Trascender este estrecho vocabulario de lo que la sociedad considera como
“bueno y sensible” hacia uno más vasto, más rico y, sobre todo, más ambiguo,
es algo aterrador, porque este otro campo semántico no tiene fronteras y
equivale exactamente a pensar, a emocionarse, a intuir. Este vocabulario
infinito está abierto y disponible si nos tomamos el tiempo y si hacemos el
esfuerzo de explorarlo; y a lo largo de muchos siglos ha ido forjando palabras
a partir de la experiencia, con el objeto de devolvernos en palabras la imagen
de esa experiencia, de permitirnos entender el mundo y entendernos a nosotros
mismos.
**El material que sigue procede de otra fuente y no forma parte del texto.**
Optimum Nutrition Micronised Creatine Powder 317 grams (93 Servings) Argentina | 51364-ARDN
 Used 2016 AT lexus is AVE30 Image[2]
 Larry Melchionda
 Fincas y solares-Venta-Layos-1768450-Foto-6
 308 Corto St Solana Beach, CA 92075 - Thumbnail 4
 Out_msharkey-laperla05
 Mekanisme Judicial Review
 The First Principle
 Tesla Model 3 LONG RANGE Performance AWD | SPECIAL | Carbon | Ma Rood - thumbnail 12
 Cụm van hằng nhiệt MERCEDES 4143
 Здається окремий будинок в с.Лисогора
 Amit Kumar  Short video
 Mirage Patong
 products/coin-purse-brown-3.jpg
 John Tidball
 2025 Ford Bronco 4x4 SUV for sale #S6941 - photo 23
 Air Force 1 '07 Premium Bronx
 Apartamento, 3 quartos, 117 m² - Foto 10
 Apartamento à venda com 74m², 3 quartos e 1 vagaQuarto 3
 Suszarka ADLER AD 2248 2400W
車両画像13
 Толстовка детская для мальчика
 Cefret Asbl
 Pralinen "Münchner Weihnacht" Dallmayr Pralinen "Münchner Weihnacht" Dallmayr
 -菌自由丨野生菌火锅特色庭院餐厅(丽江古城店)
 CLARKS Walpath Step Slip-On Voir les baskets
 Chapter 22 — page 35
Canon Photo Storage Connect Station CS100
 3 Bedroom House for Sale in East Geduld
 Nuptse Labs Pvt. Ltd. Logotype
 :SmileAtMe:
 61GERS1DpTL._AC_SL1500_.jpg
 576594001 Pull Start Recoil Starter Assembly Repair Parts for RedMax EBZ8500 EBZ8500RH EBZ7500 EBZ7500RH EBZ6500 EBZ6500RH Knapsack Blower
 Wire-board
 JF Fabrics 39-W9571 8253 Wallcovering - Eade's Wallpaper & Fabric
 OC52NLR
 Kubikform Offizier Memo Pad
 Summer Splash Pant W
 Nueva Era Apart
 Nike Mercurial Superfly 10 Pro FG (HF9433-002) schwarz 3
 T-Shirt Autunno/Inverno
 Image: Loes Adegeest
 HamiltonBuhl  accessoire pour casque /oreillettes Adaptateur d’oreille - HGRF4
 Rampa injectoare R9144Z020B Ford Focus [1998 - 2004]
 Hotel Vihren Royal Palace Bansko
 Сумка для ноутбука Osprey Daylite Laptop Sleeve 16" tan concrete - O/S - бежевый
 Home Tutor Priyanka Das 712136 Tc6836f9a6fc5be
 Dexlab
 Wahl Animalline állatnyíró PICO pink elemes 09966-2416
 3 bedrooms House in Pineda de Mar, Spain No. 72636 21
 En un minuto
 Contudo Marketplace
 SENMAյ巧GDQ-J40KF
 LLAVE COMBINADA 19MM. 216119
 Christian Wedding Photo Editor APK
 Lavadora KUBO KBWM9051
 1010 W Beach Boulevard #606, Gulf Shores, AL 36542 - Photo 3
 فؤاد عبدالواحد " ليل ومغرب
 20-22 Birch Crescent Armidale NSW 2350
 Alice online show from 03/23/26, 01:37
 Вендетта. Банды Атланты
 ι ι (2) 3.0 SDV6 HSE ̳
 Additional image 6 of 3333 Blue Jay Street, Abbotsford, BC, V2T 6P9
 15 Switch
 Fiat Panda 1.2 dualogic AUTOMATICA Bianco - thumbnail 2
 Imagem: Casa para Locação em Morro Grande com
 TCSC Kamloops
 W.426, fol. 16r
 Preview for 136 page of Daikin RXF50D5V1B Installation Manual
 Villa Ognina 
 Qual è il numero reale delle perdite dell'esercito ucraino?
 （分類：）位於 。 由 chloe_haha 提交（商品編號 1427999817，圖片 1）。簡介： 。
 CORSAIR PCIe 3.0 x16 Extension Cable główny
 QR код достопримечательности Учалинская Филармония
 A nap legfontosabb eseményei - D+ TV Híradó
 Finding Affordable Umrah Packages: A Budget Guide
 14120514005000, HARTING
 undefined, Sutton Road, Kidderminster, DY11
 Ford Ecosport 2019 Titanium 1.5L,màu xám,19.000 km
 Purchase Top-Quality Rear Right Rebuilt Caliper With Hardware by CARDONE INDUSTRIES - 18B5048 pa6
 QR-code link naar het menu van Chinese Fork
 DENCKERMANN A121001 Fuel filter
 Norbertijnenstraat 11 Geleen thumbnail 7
Este vocabulario es más grande y duradero que la biblioteca de
Pinocho, hecha de dulces y de golosinas, porque la incluye (metafóricamente) y
porque, en concreto, conduce a ella, al permitirnos imaginar cómo podríamos
cambiar una sociedad en la que Pinocho se muere de hambre, es agredido y
explotado, es privado de su estatus de niño, es forzado a ser obediente y a
ser feliz en su obediencia.
Imaginar
consiste en disolver barreras, en ignorar fronteras, en subvertir la visión
del mundo que nos ha sido impuesta. Aunque Collodi no le puede conceder a su
muñeco este estado final de autodescubrimiento, llegó a intuir, creo yo, las
posibilidades de sus dones imaginativos. Y aun cuando afirmó la importancia
del pan sobre las palabras, sabía que cada crisis de la sociedad es, en
definitiva, una crisis de la imaginación.